You can modify it for your need or create your own config file following
the example of tapnet_config.py
.
To launch experiment run the command:
python ./experiment.py --config ./configs/tapnet_config.py
or
python ./experiment.py --config ./configs/tapir_config.py
Evaluation
You can run evaluation for a particular dataset (i.e. tapvid_davis) using the command:
python3 ./tapnet/experiment.py \
--config=./tapnet/configs/tapir_config.py \
--jaxline_mode=eval_davis_points \
--config.checkpoint_dir=./tapnet/checkpoint/ \
--config.experiment_kwargs.config.davis_points_path=/path/to/tapvid_davis.pkl
Available eval datasets are listed in supervised_point_prediction.py
.
Download a baseline checkpoint
tapnet/checkpoint/
must contain a file checkpoint.npy that's loadable
using our NumpyFileCheckpointer. You can download a checkpoint
here, which
was obtained via the open-source version of the code, and should closely match
the one used to write the paper.
Inference
You can run inference for a particular video (i.e. horsejump-high.mp4) using the command:
python3 ./tapnet/experiment.py \
--config=./tapnet/configs/tapnet_config.py \
--jaxline_mode=eval_inference \
--config.checkpoint_dir=./tapnet/checkpoint/ \
--config.experiment_kwargs.config.inference.input_video_path=horsejump-high.mp4 \
--config.experiment_kwargs.config.inference.output_video_path=result.mp4 \
--config.experiment_kwargs.config.inference.resize_height=256 \
--config.experiment_kwargs.config.inference.resize_width=256 \
--config.experiment_kwargs.config.inference.num_points=20
The inference only serves as an example. It will resize the video to 256x256 resolution, sample 20 random query points on the first frame and track these random points in the rest frames.

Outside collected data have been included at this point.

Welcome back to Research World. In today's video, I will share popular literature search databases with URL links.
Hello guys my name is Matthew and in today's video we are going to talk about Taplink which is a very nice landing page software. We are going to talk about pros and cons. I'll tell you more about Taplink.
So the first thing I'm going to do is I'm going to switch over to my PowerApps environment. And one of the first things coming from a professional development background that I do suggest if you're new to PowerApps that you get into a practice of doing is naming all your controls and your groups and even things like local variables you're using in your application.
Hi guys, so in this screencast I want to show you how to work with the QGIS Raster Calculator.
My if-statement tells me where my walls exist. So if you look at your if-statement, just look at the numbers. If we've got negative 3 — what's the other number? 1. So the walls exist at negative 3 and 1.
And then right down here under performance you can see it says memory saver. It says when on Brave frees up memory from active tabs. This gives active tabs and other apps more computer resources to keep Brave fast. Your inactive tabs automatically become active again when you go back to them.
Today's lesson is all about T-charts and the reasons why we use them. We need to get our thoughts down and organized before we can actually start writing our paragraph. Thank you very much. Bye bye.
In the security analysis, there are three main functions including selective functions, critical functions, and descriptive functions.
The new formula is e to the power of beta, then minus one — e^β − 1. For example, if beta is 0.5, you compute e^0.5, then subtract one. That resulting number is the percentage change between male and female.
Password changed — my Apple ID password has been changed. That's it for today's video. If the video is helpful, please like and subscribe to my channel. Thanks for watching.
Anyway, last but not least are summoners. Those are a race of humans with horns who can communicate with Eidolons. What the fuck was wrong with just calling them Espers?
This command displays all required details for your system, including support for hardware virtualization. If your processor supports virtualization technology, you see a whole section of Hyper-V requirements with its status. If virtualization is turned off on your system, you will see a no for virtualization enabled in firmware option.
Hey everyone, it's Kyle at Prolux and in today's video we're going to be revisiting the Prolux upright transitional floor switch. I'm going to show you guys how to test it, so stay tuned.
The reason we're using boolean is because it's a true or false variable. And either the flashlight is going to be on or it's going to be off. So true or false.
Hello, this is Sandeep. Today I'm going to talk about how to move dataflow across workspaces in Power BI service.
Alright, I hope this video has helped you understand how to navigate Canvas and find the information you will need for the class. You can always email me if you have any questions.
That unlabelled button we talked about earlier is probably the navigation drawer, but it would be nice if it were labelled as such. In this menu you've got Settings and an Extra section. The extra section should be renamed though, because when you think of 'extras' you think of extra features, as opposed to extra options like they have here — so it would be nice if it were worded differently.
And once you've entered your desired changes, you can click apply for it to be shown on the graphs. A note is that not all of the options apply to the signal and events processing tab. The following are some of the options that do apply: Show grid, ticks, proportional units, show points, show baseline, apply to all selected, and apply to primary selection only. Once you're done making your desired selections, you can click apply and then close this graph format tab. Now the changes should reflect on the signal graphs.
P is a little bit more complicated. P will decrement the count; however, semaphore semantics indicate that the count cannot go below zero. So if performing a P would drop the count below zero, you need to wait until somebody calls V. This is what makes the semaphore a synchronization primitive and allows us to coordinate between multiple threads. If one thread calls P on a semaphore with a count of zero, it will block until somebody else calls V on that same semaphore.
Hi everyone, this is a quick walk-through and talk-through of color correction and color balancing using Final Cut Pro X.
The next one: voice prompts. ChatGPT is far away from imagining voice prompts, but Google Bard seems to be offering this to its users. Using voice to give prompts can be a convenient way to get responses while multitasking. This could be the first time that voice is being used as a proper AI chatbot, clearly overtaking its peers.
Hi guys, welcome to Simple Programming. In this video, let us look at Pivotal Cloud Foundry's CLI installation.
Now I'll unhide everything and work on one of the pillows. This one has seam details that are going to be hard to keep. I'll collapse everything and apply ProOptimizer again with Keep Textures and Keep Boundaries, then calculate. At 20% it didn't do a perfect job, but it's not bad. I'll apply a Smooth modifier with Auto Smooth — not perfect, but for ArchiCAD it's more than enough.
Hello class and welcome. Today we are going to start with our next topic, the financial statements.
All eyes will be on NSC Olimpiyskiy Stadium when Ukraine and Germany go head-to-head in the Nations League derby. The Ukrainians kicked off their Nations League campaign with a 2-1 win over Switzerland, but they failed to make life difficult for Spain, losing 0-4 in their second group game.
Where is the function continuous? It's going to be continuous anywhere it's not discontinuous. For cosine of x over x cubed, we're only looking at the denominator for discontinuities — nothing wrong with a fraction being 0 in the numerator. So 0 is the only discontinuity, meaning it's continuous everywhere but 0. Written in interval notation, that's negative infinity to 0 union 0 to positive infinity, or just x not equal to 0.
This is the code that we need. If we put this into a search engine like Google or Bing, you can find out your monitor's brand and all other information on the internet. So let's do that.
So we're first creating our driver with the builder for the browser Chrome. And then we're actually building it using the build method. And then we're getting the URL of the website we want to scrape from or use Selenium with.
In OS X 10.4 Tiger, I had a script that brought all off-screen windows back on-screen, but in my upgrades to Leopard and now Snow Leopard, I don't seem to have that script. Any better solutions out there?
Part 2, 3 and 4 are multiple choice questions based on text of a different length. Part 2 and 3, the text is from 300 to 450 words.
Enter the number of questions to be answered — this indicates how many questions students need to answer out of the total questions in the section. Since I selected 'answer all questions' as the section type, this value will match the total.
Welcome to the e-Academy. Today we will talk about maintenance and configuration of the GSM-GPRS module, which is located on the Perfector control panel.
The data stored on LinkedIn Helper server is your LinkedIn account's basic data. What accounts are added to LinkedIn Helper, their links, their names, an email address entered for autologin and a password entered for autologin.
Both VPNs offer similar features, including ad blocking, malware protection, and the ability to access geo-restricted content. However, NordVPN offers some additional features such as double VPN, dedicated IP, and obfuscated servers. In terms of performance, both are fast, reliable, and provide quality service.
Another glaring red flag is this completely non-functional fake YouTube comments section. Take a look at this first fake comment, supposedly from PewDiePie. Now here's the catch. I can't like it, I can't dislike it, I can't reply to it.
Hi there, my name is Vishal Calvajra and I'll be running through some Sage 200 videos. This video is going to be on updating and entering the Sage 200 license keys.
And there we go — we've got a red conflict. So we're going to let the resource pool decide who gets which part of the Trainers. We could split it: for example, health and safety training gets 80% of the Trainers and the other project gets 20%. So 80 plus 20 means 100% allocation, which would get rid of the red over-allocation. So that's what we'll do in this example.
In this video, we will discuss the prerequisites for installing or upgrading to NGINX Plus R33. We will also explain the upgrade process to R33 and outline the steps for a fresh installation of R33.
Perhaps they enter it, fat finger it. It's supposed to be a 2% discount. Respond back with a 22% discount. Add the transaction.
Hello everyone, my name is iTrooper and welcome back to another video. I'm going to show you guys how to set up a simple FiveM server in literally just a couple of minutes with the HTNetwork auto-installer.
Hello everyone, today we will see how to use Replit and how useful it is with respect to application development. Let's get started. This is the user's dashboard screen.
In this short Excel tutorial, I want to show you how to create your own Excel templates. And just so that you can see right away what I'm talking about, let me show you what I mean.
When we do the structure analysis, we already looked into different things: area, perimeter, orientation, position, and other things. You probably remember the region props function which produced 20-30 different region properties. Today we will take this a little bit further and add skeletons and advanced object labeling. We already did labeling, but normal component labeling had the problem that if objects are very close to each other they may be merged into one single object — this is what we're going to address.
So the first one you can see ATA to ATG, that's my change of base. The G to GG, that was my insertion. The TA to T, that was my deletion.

Also note that the current checkpoint is trained under 256x256 resolution and has not been trained for other resolutions.
Citing this work
Please use the following bibtex entry to cite our work:
@inproceedings{doersch2022tapvid,
author = {Doersch, Carl and Gupta, Ankush and Markeeva, Larisa and
Continente, Adria Recasens and Smaira, Kucas and Aytar, Yusuf and
Carreira, Joao and Zisserman, Andrew and Yang, Yi},
title = {TAP-Vid: A Benchmark for Tracking Any Point in a Video},
booktitle={NeurIPS Datasets Track},
year = {2022},
}
License and disclaimer
Copyright 2022 DeepMind Technologies Limited
All software is licensed under the Apache License, Version 2.0 (Apache 2.0); you may not use this file except in compliance with the Apache 2.0 license. You may obtain a copy of the Apache 2.0 license at:
https://www.apache.org/licenses/LICENSE-2.0
All other materials are licensed under the Creative Commons Attribution 4.0 International License (CC-BY). You may obtain a copy of the CC-BY license at: https://creativecommons.org/licenses/by/4.0/legalcode In particular the annotations of TAP-Vid, as well as the RGB-Stacking videos, are released under a Creative Commons BY license. The original source videos of DAVIS come from the val set, and are also licensed under creative commons licenses per their creators; see the DAVIS dataset for details. Kinetics videos are publicly available on YouTube, but subject to their own individual licenses. See the Kinetics dataset webpage for details.
Unless required by applicable law or agreed to in writing, all software and materials distributed here under the Apache 2.0 or CC-BY licenses are distributed on an "AS IS" BASIS, WITHOUT WARRANTIES OR CONDITIONS OF ANY KIND, either express or implied. See the licenses for the specific language governing permissions and limitations under those licenses.
This is not an official Google product.